==== AVAILABLE DATA

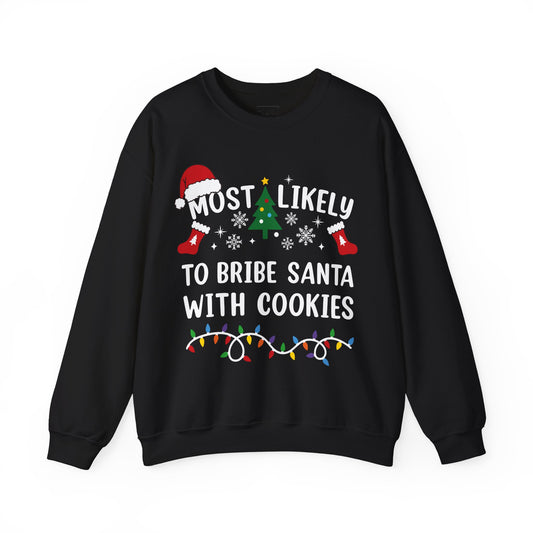 Bribe Santa Sweatshirt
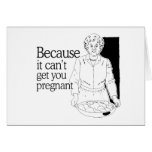 BECAUSE IT CAN'T GET YOU PREGNANT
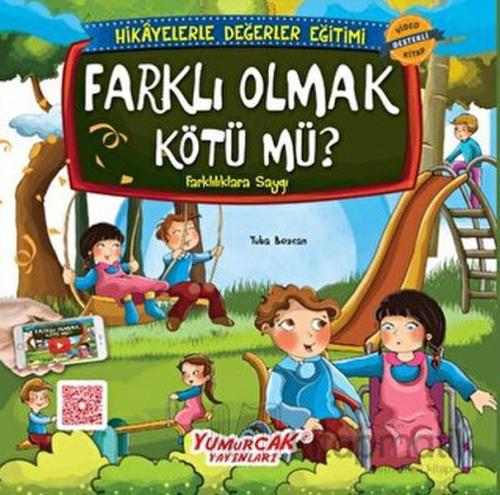 Erdemlerle Hikayeler Farklı Olmak Kötü Mü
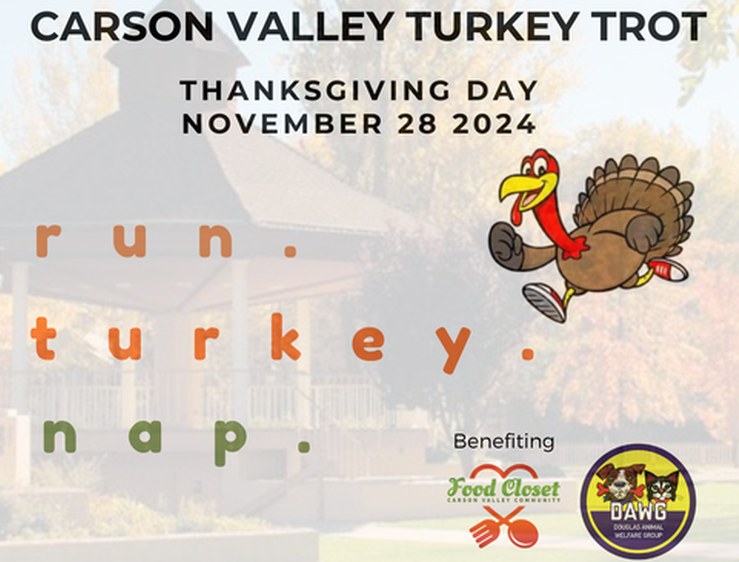 2024 Carson Valley Turkey Trot Fun Run - Carson Valley, Nevada | Genoa ...
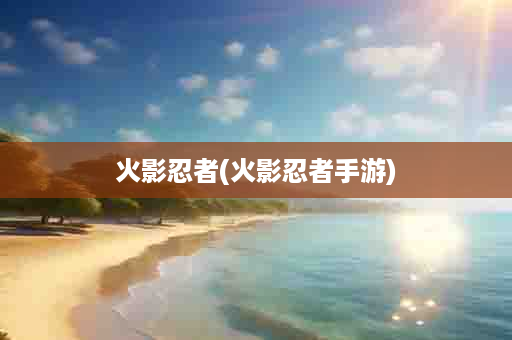 火影忍者(火影忍者手游)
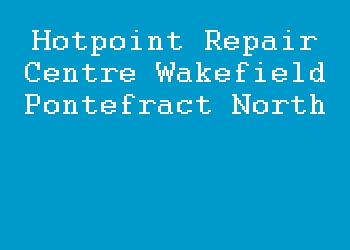 Hotpoint Repair Centre Wakefield Pontefract North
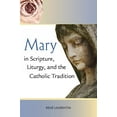 thumbnail image 1 of Pre-Owned Mary in Scripture, Liturgy, and the Catholic Tradition (Paperback), 1 of 1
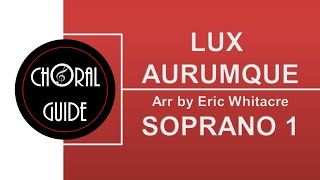 Lux Aurumque - SOPRANO 1 (E Whitacre)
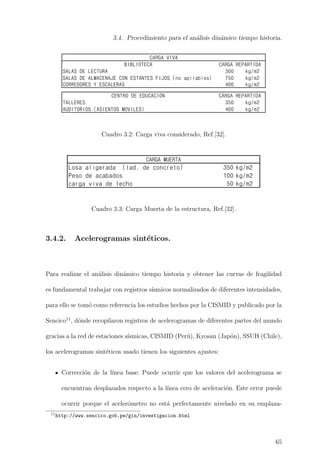 3.4. Procedimiento para el an´alisis din´amico tiempo historia.
250 kg/m2
350 kg/m2
400 kg/m2
CARGA REPARTIDA
300 kg/m2
SALAS DE ALMACENAJE CON ESTANTES FIJOS (no apilables) 750 kg/m2
400 kg/m2
350 kg/m2
400 kg/m2
BIBLIOTECA CARGA REPARTIDA
SALAS DE LECTURA
CORREDORES Y ESCALERAS
CARGA REPARTIDA
CARGA VIVA
CENTRO DE EDUCACION
TALLERES
AUDITORIOS (ASIENTOS MOVILES)
Cuadro 3.2: Carga viva considerado, Ref.[32].
Losa aligerada (lad. de concreto) 350 kg/m2
Peso de acabados 100 kg/m2
carga viva de techo 50 kg/m2
CARGA MUERTA
Cuadro 3.3: Carga Muerta de la estructura, Ref.[32].
3.4.2. Acelerogramas sint´eticos.
Para realizar el an´alisis din´amico tiempo historia y obtener las curvas de fragilidad
es fundamental trabajar con registros s´ısmicos normalizados de diferentes intensidades,
para ello se tom´o como referencia los estudios hechos por la CISMID y publicado por la
Sencico11
, d´onde recopilaron registros de acelerogramas de diferentes partes del mundo
gracias a la red de estaciones s´ısmicas, CISMID (Per´u), Kyosan (Jap´on), SSUH (Chile),
los acelerogramas sint´eticos usado tienen los siguientes ajustes:
Correcci´on de la l´ınea base: Puede ocurrir que los valores del acelerograma se
encuentran desplazados respecto a la l´ınea cero de aceleraci´on. Este error puede
ocurrir porque el aceler´ometro no est´a perfectamente nivelado en su emplaza-
11
http://www.sencico.gob.pe/gin/investigacion.html
65
 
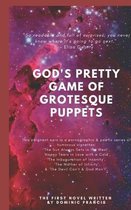 God's Pretty Game of Grotesque Puppets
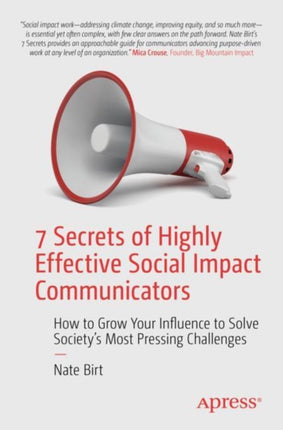 7 Secrets of Highly Effective Social Impact Communicators: How to Grow Your Influence to Solve Society's Most Pressing Challenges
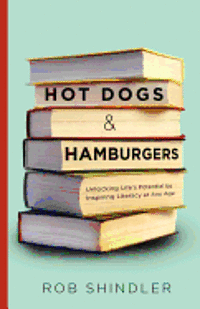 bokomslag Hot Dogs and Hamburgers: Unlocking Life's Potential by Inspiring Literacy at Any Age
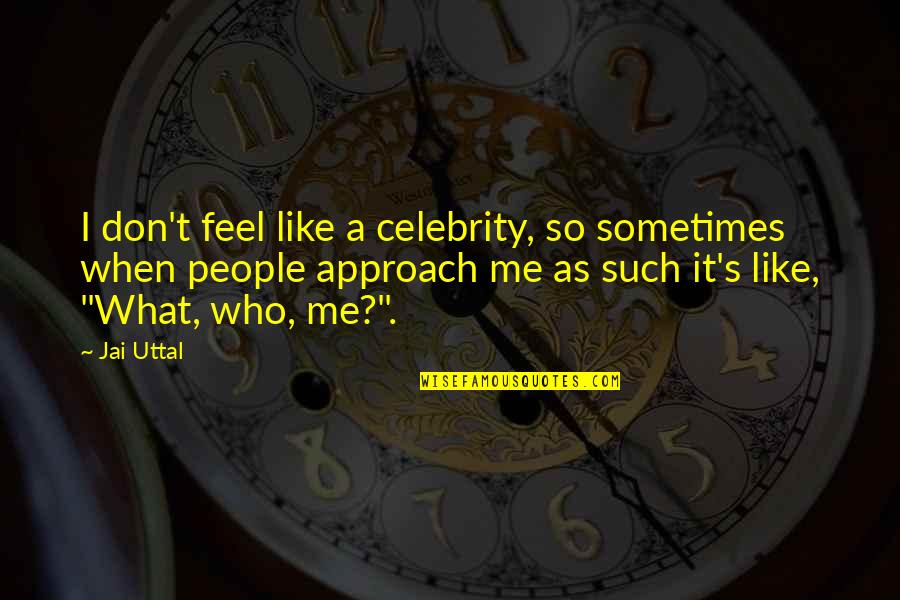 Uttal Quotes By Jai Uttal: I don't feel like a celebrity, so sometimes Uttal Quotes By Jai Uttal: I don't feel like a celebrity, so sometimes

========

WORK ORDER:
If a line in the records above has the word "SALAS", copy it.

REPLY TO THE TASK:
SALAS DE ALMACENAJE CON ESTANTES FIJOS (no apilables) 750 kg/m2
SALAS DE LECTURA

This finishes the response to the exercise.